- [Data for this task]
==========

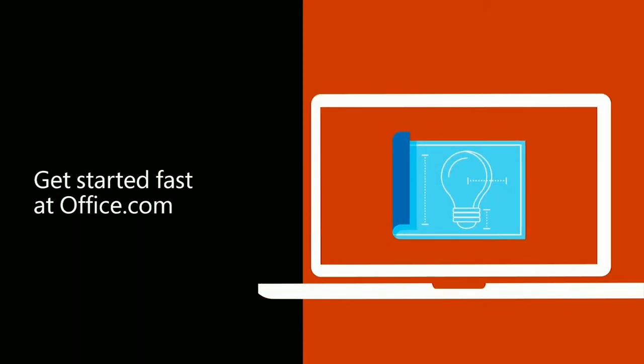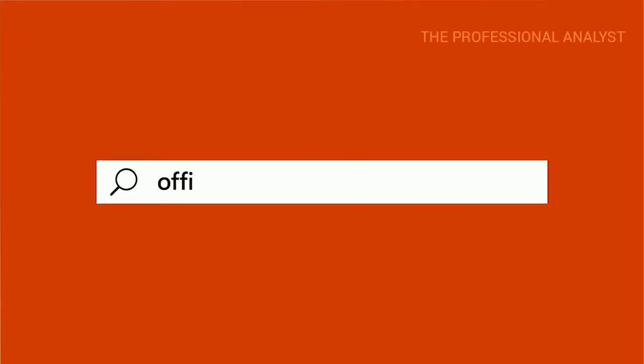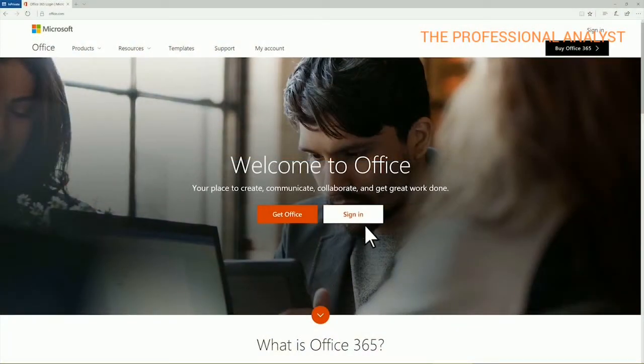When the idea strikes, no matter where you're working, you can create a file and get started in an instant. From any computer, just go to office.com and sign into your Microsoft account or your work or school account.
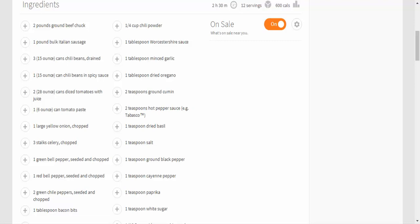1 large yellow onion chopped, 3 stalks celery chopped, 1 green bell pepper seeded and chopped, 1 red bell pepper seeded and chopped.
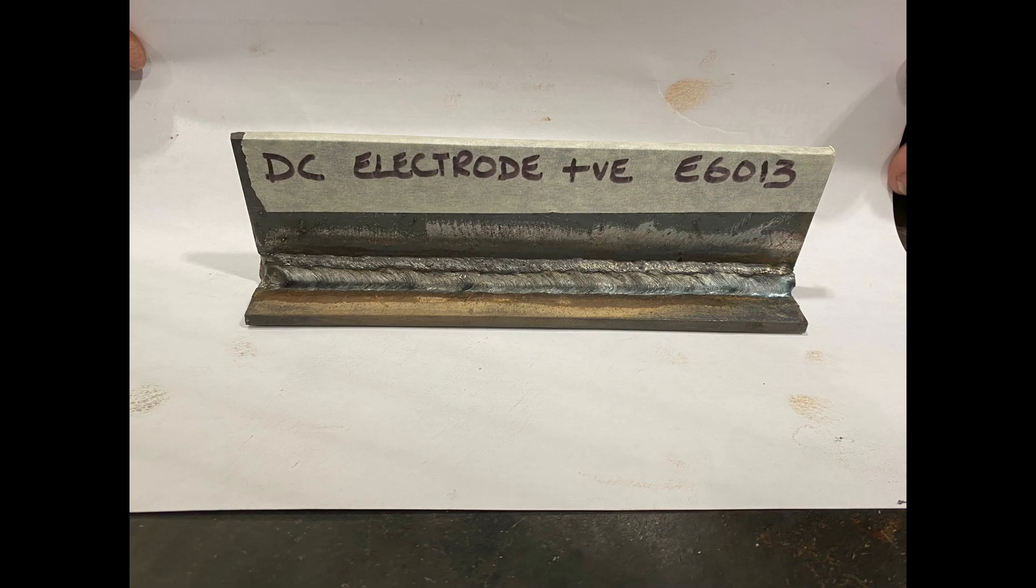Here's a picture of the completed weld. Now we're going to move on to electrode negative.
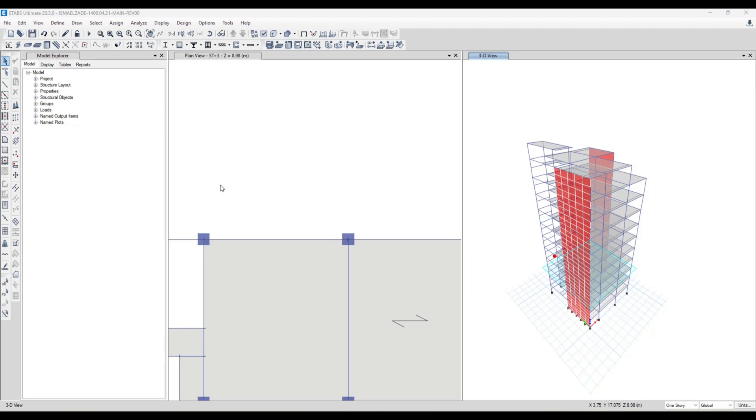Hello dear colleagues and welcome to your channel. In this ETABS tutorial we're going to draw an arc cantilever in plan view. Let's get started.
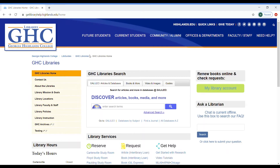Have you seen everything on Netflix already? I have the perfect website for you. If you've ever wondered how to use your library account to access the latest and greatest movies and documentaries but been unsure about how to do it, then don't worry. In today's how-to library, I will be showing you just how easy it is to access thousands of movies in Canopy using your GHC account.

==========

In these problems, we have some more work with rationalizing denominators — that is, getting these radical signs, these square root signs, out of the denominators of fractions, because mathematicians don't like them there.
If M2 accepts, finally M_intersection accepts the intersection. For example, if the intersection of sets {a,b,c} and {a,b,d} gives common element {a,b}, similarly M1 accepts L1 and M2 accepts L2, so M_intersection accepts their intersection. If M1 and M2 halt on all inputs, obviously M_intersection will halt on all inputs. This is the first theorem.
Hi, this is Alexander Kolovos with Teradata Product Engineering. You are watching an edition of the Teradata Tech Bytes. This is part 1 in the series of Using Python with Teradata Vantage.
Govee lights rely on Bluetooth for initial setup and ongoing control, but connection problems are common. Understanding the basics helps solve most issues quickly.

==========

- [Task to carry out] From the records above, extract the lines from the one holding "1 large yellow" through the one holding "Here's a picture", word for word; omit the pictures.

- [Answer area]
1 large yellow onion chopped, 3 stalks celery chopped, 1 green bell pepper seeded and chopped, 1 red bell pepper seeded and chopped.
Here's a picture of the completed weld. Now we're going to move on to electrode negative.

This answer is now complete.